Post by Gilles Hudicourt » Wed Feb 21, 2018 8:21 am

confusedalot wrote:
Mon Feb 19, 2018 9:32 pm
Oh and one more thing, every single airplane driver in this world knows that there is such a thing a minimum radar vectoring altitudes that the controller knows at any given place but you may perhaps not, since they are not published on jepps. So clearing an airplane to 6000 feet east of Hualtuco does not make sense, knowing the cumulogranites that just so happen to permanently be there.

So...are you going to question the controller on his minimum radar vectoring altitude in comfy yyz?
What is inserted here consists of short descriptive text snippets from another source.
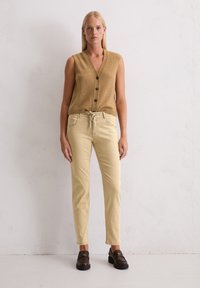 Vrouw met steil blond haar draagt een mouwloze bruine vest met knopen, beige broek met aansnoerkoord en donkerbruine instappers, staande tegen een witte muur.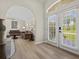 Bright foyer features a seamless transition to a spacious living area with stylish tile flooring at 23 Pine Valley Ct, Rotonda West, FL 33947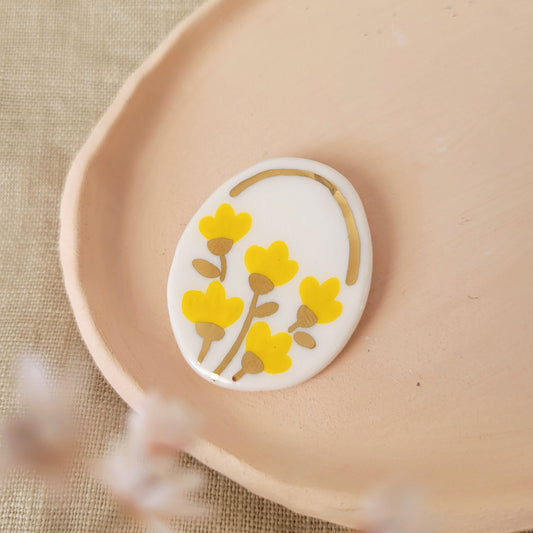 Porcelain brooch with gold "Yellow flowers"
You better have a good answer for that if you do.

Which brings me to my first point; something is missing in this picture, nothing more.
Except that this was a non radar environment. Like in Canada in such a case, the pilots are responsible for terrain clearance......
Minimum Altitudes to Ensure Obstacle Clearance
602.124 (1) Subject to subsections (2) and (3), the pilot-in-command of an IFR aircraft shall, except when taking off or landing, or when being radar-vectored by an
air traffic control unit
, ensure that the aircraft is operated at or above
(a) the MOCA, when the aircraft is on an airway or air route; and
(b) the minimum altitude established by the Minister to ensure obstacle clearance and specified on an IFR chart, when the aircraft is within airspace in respect of which such a minimum altitude has been established.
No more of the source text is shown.